Repeat only the lines from the one containing "Spacious living room" to the final line below, exactly as they read, and leave every picture out.

══ INFORMATION PROVIDED ══

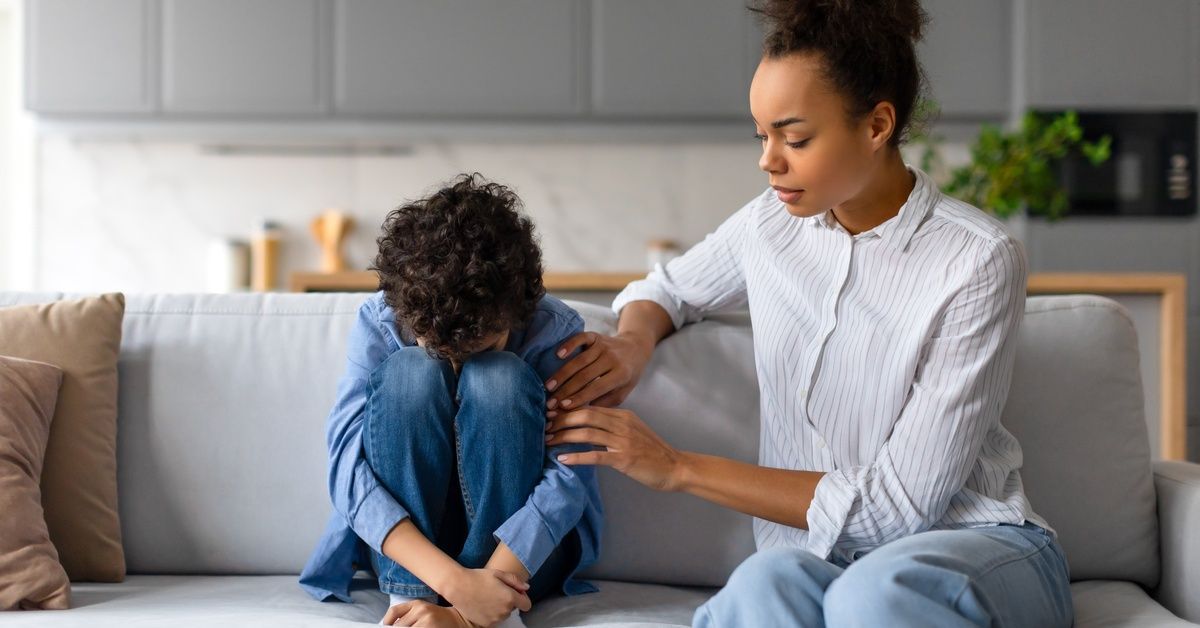A mother consoles her child on a gray sofa in their home. The child hunches over and hides his face.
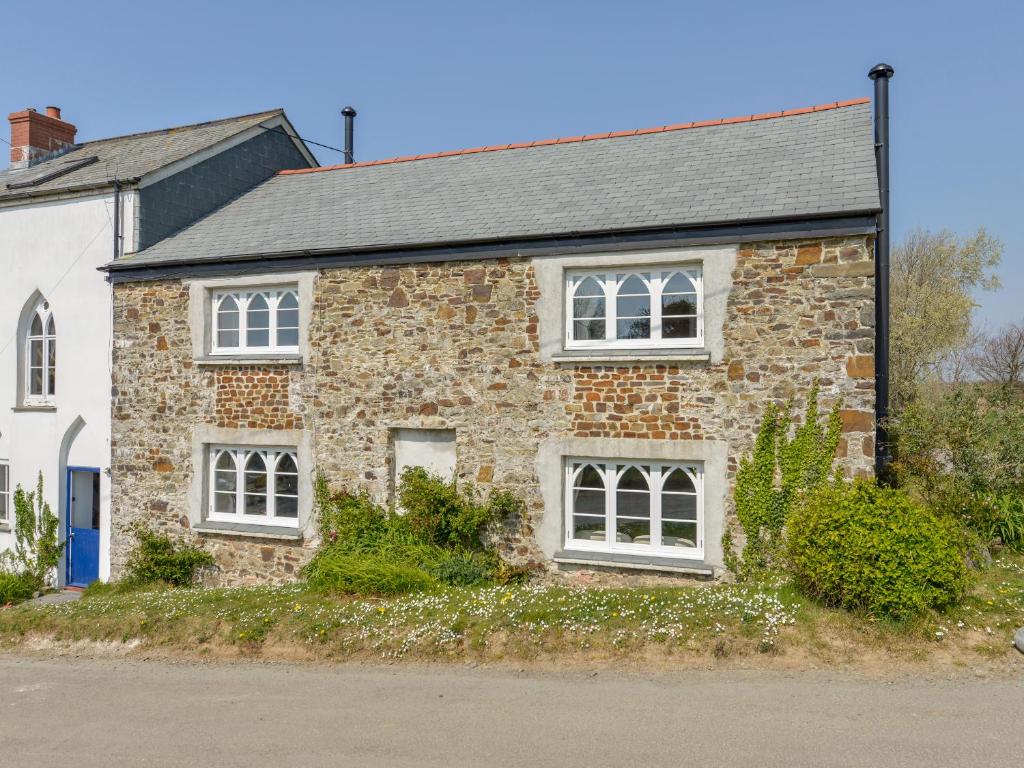 a brick house with white windows on a street at Chapel Cottage in Bideford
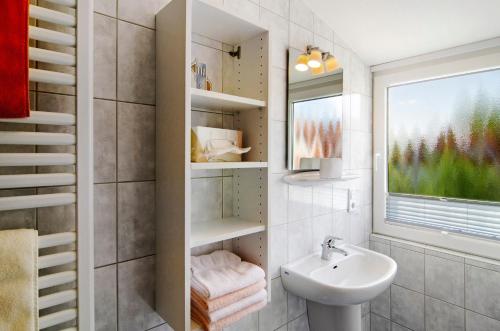 a small bathroom with a sink and a window at Huus Nördernee 2 in Norderney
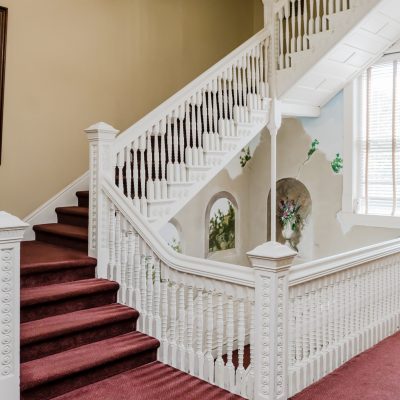 a room filled with furniture and a large window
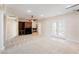 Spacious living room with fireplace, built-in cabinets, and access to the outdoor area at 2500 S Zephyr Ave, Pahrump, NV 89048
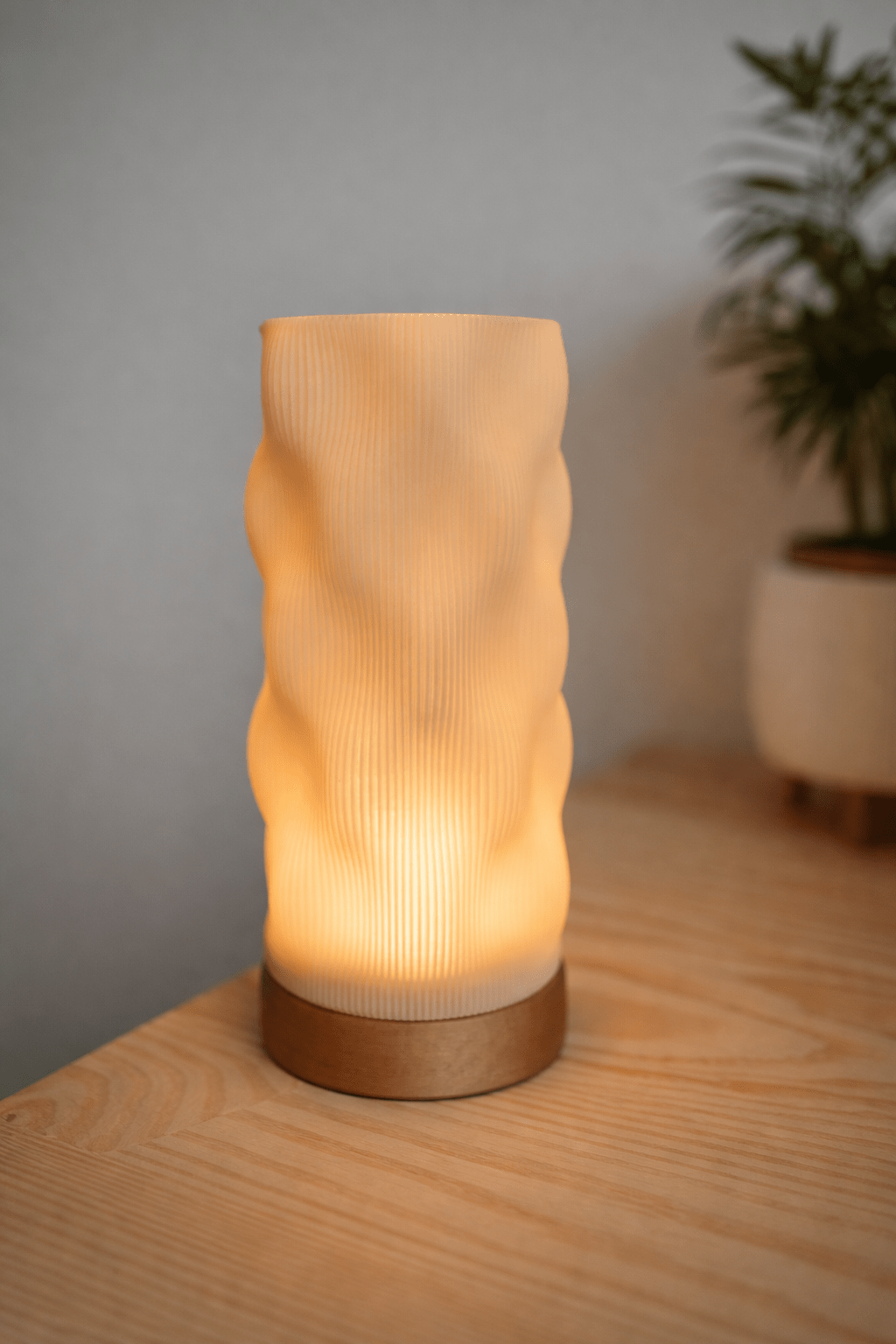 Wavia bordlampe slukket set fra siden – organisk skulpturel bølgeform med lodret ribstruktur i beige PLA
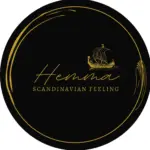 Schwarzes, kreisförmiges Logo mit goldenen Akzenten, mit einer Abbildung eines Wikingerschiffs über dem Wort hemma in Schreibschrift und SCANDINAVIAN FEELING in Großbuchstaben darunter. Elegante goldene geschwungene Linien verzieren die Ränder.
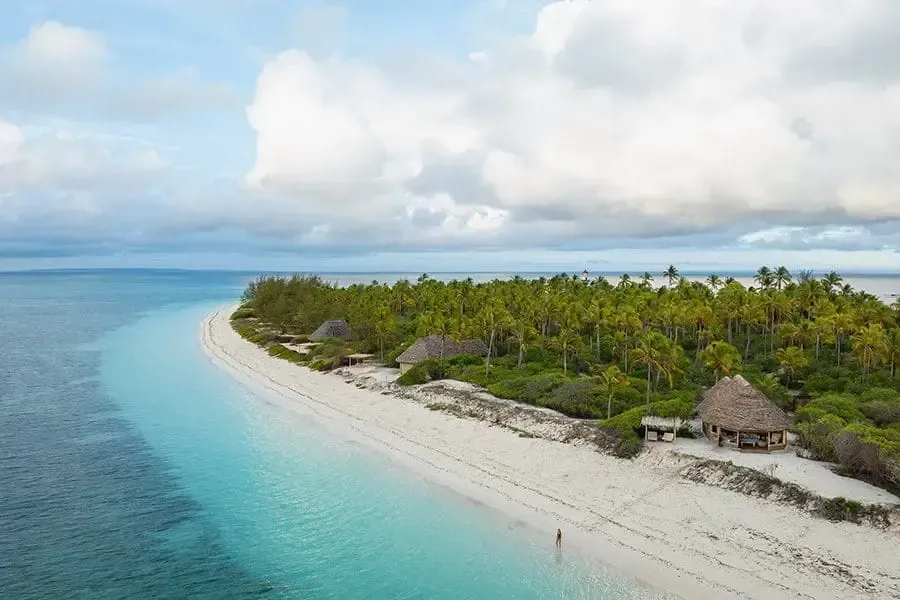 Aerial view of a serene tropical beach with teal waters and white sand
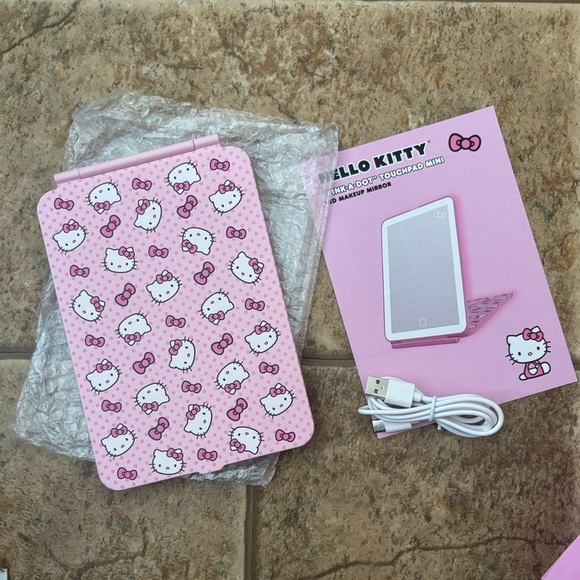 NIB Impressions Hello Kitty *Bundle* Mirror and Makeup Sponge set. - Picture 2 of 13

═══

__EXPECTED OUTPUT__:
 Spacious living room with fireplace, built-in cabinets, and access to the outdoor area at 2500 S Zephyr Ave, Pahrump, NV 89048
 Wavia bordlampe slukket set fra siden – organisk skulpturel bølgeform med lodret ribstruktur i beige PLA
 Schwarzes, kreisförmiges Logo mit goldenen Akzenten, mit einer Abbildung eines Wikingerschiffs über dem Wort hemma in Schreibschrift und SCANDINAVIAN FEELING in Großbuchstaben darunter. Elegante goldene geschwungene Linien verzieren die Ränder.
 Aerial view of a serene tropical beach with teal waters and white sand
 NIB Impressions Hello Kitty *Bundle* Mirror and Makeup Sponge set. - Picture 2 of 13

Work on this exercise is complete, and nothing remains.